An average of 21 percent of female undergraduates told researchers they’d been sexually assaulted since starting school in a Bureau of Justice Statistics-funded study of nine unnamed U.S. colleges and universities published last year. At some of the schools, the rate of sexual assault was as high as 1 in 2.
Here in Chicago, SABRE, which produces pepper sprays, is holding a scholarship Sweepstakes that will award one winner $15,000 in scholarship funds, which is set to run from July 1 – Sept. 3, tied to making students more aware of this problem.
“Our decision to award a scholarship was twofold,” explains SABRE CEO David Nance, in a press release. “We wanted to give back to our community by helping someone with their college dream, while also teaching students and their parents about campus safety.”
Rape is the most underreported crime, according to the National Sexual Violence Resource Center, which estimates that 63 percent of sexual assaults are never reported to police.
The Huffington Post reported that the numbers are even smaller if you only consider college students. Fewer than 5 percent of completed and attempted rapes of women in college were reported to law enforcement officials, according to a Department of Justice study in 2000.
The Hunting Ground was a film made in 2015 that documented the problem of date rape on college campuses. They stated that the universities – similar to the Catholic Church shielding pedophile priests – have a financial interest to minimize sexual assault reports because they are selling a brand. And the fraternities – where rape is the second most common insurance claim against them – are a source of future alumni donations and home to many athletes who generate a lot of money for the schools.

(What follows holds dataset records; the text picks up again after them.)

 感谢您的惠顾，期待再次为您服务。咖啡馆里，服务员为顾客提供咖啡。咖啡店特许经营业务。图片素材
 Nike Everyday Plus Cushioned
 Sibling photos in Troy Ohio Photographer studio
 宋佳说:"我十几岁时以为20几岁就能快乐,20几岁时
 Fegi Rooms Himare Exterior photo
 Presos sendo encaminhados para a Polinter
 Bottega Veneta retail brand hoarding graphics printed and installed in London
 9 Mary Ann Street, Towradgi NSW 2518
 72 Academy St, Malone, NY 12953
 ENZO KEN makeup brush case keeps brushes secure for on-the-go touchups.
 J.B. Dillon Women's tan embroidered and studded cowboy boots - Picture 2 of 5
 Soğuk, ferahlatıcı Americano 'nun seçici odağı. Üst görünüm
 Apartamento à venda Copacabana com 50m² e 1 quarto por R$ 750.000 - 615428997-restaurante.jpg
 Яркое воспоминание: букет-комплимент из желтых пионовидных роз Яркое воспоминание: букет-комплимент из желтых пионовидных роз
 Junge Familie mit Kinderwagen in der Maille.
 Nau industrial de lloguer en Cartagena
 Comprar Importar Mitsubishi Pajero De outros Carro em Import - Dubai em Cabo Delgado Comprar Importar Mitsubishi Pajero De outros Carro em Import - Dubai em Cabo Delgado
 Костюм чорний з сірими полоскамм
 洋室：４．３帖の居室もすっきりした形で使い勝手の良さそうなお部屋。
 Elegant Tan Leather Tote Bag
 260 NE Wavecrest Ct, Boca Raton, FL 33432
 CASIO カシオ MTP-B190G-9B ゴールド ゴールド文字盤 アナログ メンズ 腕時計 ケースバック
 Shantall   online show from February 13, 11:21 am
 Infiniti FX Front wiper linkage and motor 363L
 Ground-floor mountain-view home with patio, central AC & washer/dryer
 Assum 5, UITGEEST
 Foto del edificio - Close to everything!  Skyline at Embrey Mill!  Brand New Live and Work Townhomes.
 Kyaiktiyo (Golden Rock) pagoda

I know as a public school teacher that principals are loathe to report crimes in their schools for fear that it would not look good for the school.
“Given that more than 4 out of 5 rape victims knew their assailant, experts believe social pressures play a large role in why rape goes unreported,” The Huffington Post reported in 2014. “Women in college have also identified fear of not being believed, not being sure whether what they experienced was a sexual assault and not wanting family or other people to know about the incidents as reasons for not reporting.”
And victims know they’re entering an uphill battle that even the most privileged women can’t always win. The singer Kesha filed a lawsuit against her producer Dr. Luke (Lukasz Gottwald). She claimed he had drugged her and raped her, but was forced to honor her contract with him and she dropped the charges.
It’s also hard to get a guilty verdict in sexual-assault trials. So prosecutors who are generally concerned with conviction rates will generally pursue only the strongest cases. Rape and sexual assault cases are difficult to prosecute because they usually happen behind closed doors, making it hard to prove, The Huffington Post reported.
And those who are found guilty of sexual assault are rarely properly punished. According to a HuffPost analysis, a student who was found guilty of sexual assault was expelled from school in fewer than one half of cases and suspended in fewer than half the cases. Stanford student Brock Turner who was found guilty of sexually assaulting an unconscious woman was only sentenced to six months in prison.
There are more college programs today that are addressing this enormous problem. They are launching bystander intervention programs to teach people how to intervene and stop assaults from happening and more colleges are adopting affirmative-consent standards to demonstrate a person hasn’t necessarily consented to sexual activity just because they didn’t scream “no,” Huffington Post reported.
SABRE is encouraging this year’s new crop of college students to follow some safety tips: 1. Check out what free safe ride or walking services are offered by the campus. 2. Take a safety seminar on self-defense. 3. Prepare yourself with pepper sprays and gels which are one of the most effective ways to deter or distract an attacker, and 4. Stick together – stay close to friends when going out or coming home late from parties.